Texto de Mário Rui Feliciani, fotografo, na exposição "... e um pouco das pessoas". Na foto seu Antonio consertando guarda-chuvas.
Mecânicos de Guarda-chuva” nasceu inspirado no fanzine “Quando o Amor Acaba...*”. Da mesma forma que ele, viemos falar das coisas que acabam. Como nosso amigo guarda-chuveiro, que na modernidade vê sua profissão acabar-se, pensamos ser como mecânicos de coisas pouco valorizadas, tidas hoje como arcaicas. Insistimos em falar e acreditar nas coisas que passam, as idealizamos, eternizamos; como esculturas prolongamos sua existência. Na verdade, tratamos aqui de eternizar nossos desejos; não é puro delírio, nem romantismo involuntário. Esse é nosso espaço de querer.
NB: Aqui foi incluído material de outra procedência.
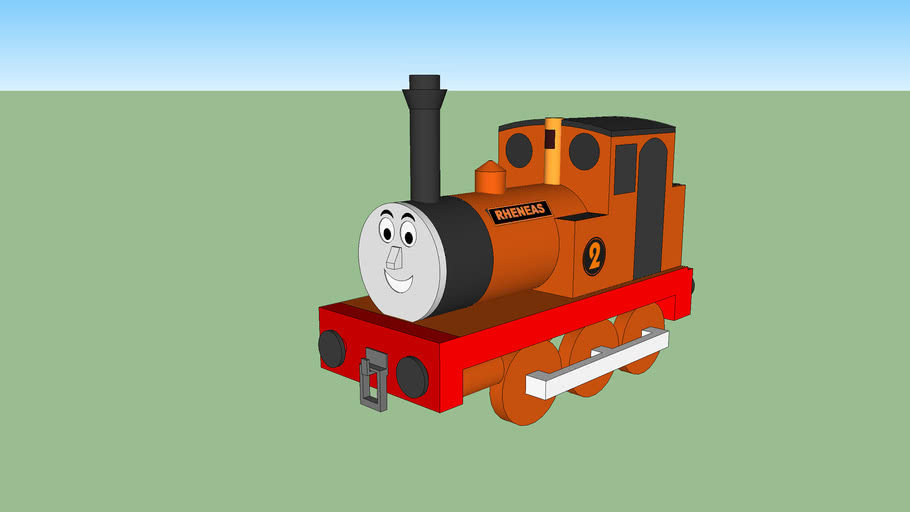 Rheneas the Narrow Gauge Engine | 3D Warehouse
Não deixamos de indagar o caos, nem debochar da seriedade das piadas da vida. Aproveitamos para esvaziar a mente do tormento, e dividi-lo. Choramos as ilusões perdidas, os planos desgraçados, lamentamos, fracassamos. O mais curioso é perceber a cada entrelinha um pouco de esperança, mergulhada em desespero bem verdade, mas que torna tão interessante esse movimento de ilusão e criatividade.
Vamos todos juntos.
Seja Bem vindo(a).

* Quando o Amor Acaba... é uma publicação independente de pessoas que tem amor pela literatura e as artes.